James Joyce, che pasticcio quel libro di inediti
L'annuncio dell'uscita per i tipi della casa editrice Gallucci di Roma di un inedito joyciano può trarre in inganno i lettori meno informati. Si tratta di 10 brevi testi scritti da Joyce nel 1923 che anticipano gli arditi giochi linguistici, alcuni temi mitologici e molti personaggi di “Finnegans Wake”. In realtà gran parte di questi testi erano già noti da decenni, in quanto pubblicati nel 1963 nel volume “A First-Draft Version of Finnegans Wake” curato da David Hayman.

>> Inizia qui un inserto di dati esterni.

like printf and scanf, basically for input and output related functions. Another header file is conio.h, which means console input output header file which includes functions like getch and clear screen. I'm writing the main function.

Spacciandoli per inediti, la chiacchierata casa editrice Ithys di Dublino li ha pubblicati l'estate scorsa con il titolo “Finn's Hotel” per la cura del discusso studioso joyciano Danis Rose, con una postfazione di Seamus Deane e illustrazioni di Casey Sorrow. La casa editrice Gallucci ripropone questa stessa edizione di “Finn's Hotel” (pagg. 125 euro 13) per la versione di Ottavio Fatica del testo di Joyce e di Giovanna Granato per l'apparato critico.

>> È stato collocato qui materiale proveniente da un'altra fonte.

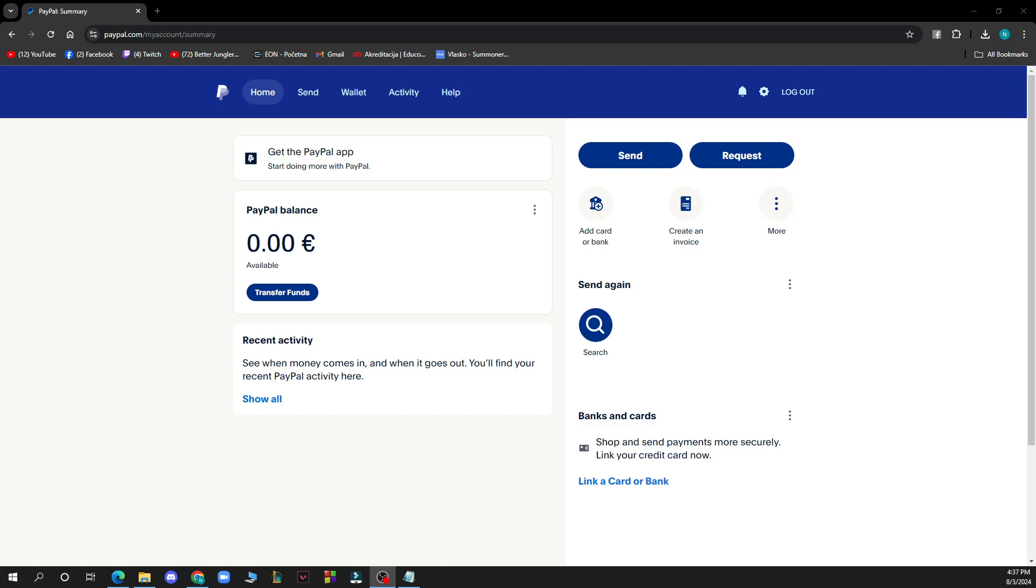If you want you can also go and download the application if that's more convenient for you. After that you just need to log into your profile or register to PayPal if you don't have an account.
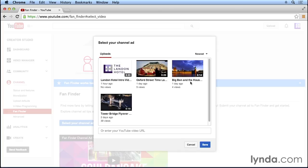One thing to note though, when users see this advertisement, it's only going to play for five seconds. They'll have the opportunity to click to watch the entire ad, but you really want to try and capture that user in those first five seconds. So it's a good idea to pack as much information about your YouTube channel in the first five seconds of your Fan Finder video.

In Irlanda, alla pubblicazione del volumetto/gioiello (dove il prezzo varia dai 3.000 ai 250 euro) c'è stata una prevedibile alzata di scudi da parte degli studiosi ed esperti joyciani, scandalizzati non tanto dal prezzo quanto dalla dubbia correttezza dell'operazione editoriale firmata peraltro da una casa editrice come la Ithys di Anastasia Herbert che nel 2012 aveva pubblicato un testo di Joyce sottratto alla Fondazione Joyce di Zurigo (“I Gatti di Copenhagen”, una storiella che Joyce scrisse per il nipotino Stephen).

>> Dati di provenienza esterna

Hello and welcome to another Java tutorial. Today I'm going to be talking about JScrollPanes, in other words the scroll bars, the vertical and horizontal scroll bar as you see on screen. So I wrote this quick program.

Parere comune degli accademici e degli studiosi è che i dieci raccontini pubblicati sotto il titolo “Finn's Hotel” non possono essere visti come parte del 'canone' joyciano, ma rappresentano solo materiale di lavoro per una opera più complessa e conclusa quale è invece “Finnegans Wake”.
Dello stesso parere è anche il professor John McCourt, dell'Università di Roma Tre, che ha dichiarato: «Non posso che deplorare l’uscita di questo volume. Nel 1992 Danis Rose tentò di pubblicare “Finn’s Hotel” con la casa editrice Penguin e già allora si rivelò un falso, c'è riuscito ora con Ithys in Irlanda e con Gallucci in Italia. Il libro viene venduto come un'opera originale di Joyce, ma non lo è. È l’ennesimo esercizio di “self-marketing” da parte di un studioso “indipendente” irlandese che si firma con lo pseudonimo di Danis Rose e che ha alle spalle altre pubblicazioni di dubbio valore scientifico che hanno creato grande costernazione fra gli studiosi più accreditati. “Finn’s Hotel” è composto solo di bozze di pezzi del futuro “Finnegans Wake”, venderlo come inedito è un falso clamoroso. Chi rispetta lo scrittore irlandese farebbe bene a valutare questo libro prima di acquistarlo. Dispiace che Seamus Deane, il decano dei critici letterari irlandesi, abbia scritto una postfazione dando al volume un’imprimatur che di sicuro non merita. Dispiace anche che un bravo traduttore italiano, Ottavio Fatica, sia caduto nella trappola di tradurre questo testo».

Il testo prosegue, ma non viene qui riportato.